Thursday, March 23, 2006


“A Myth of Devotion”
Louise Glück

When Hades decided he loved this girl
he built for her a duplicate of earth,
everything the same, down to the meadow,
but with a bed added.

Everything the same, including sunlight,
because it would be hard on a young girl
to go so quickly from bright light to utter darkness.

Gradually, he thought, he’d introduce the night,
first as the shadows of fluttering leaves.
Then moon, then stars. Then no moon, no stars.
Let Persephone get used to it slowly.
In the end, he thought, she'd find it comforting.

A replica of earth
except there was love here.
Doesn’t everyone want love?

He waited many years,
building a world, watching
Persephone in the meadow.
Persephone, a smeller, a taster.
If you have one appetite, he thought,
you have them all.

Doesn’t everyone want to feel in the night
the beloved body, compass, polestar,
to hear the quiet breathing that says
I am alive, that means also
you are alive, because you hear me,
you are here with me. And when one turns,
the other turns—

That’s what he felt, the lord of darkness,
looking at the world he had
constructed for Persephone. It never crossed his mind
that there’d be no more smelling here,
certainly no more eating.

Guilt? Terror? The fear of love?
These things he couldn’t imagine;
no lover ever imagines them.

He dreams, he wonders what to call this place.
First he thinks: The New Hell. Then: The Garden.
In the end, he decides to name it
Persephone's Girlhood.

A soft light rising above the level meadow,
behind the bed. He takes her in his arms.
He wants to say I love you, nothing can hurt you.

but he thinks
this is a lie, so he says in the end
you’re dead, nothing can hurt you
which seems to him
a more promising beginning, more true.

From Louise Glück’s Averno (Farrar, Straus & Giroux, 2006)

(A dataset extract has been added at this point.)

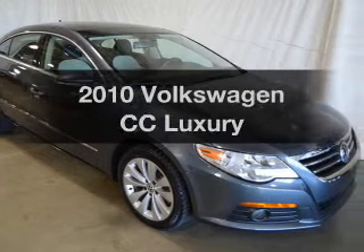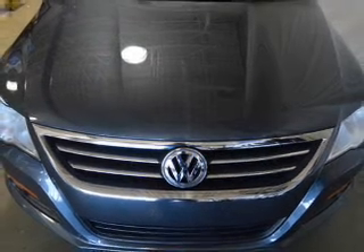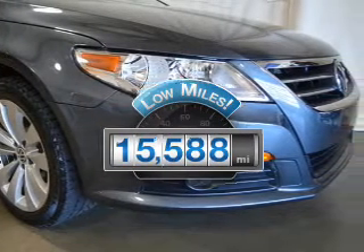Check out this 2010 Volkswagen CC. Travel the roads in style and comfort in this great vehicle. Why worry about high mileage? Choosing a ride with lower mileage is the right choice for your busy life.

GLÜCK Louise [1943-] Poet. Born in New York, New York,U.S. POETRY Averno (2006); October (2003); The Seven Ages (2001); Vita Nova (1999); Meadowlands (1996); The First Four Books of Poems (1995); The Wild Iris (1992: winner of the 1993 Pulitzer Prize for Poetry); Ararat (1990); The Triumph of Achilles (1985: winner of the 1985 National Book Critics Circle Award for Poetry); Descending Figure (1980); The Garden (1976); The House on Marshland (1975); Firstborn (1968) ESSAYS Proofs and Theories: Essays on Poetry (1994: PEN/Martha Albrand Award for Nonfiction)

Poetry: Averno (2006); The Wild Iris (1992)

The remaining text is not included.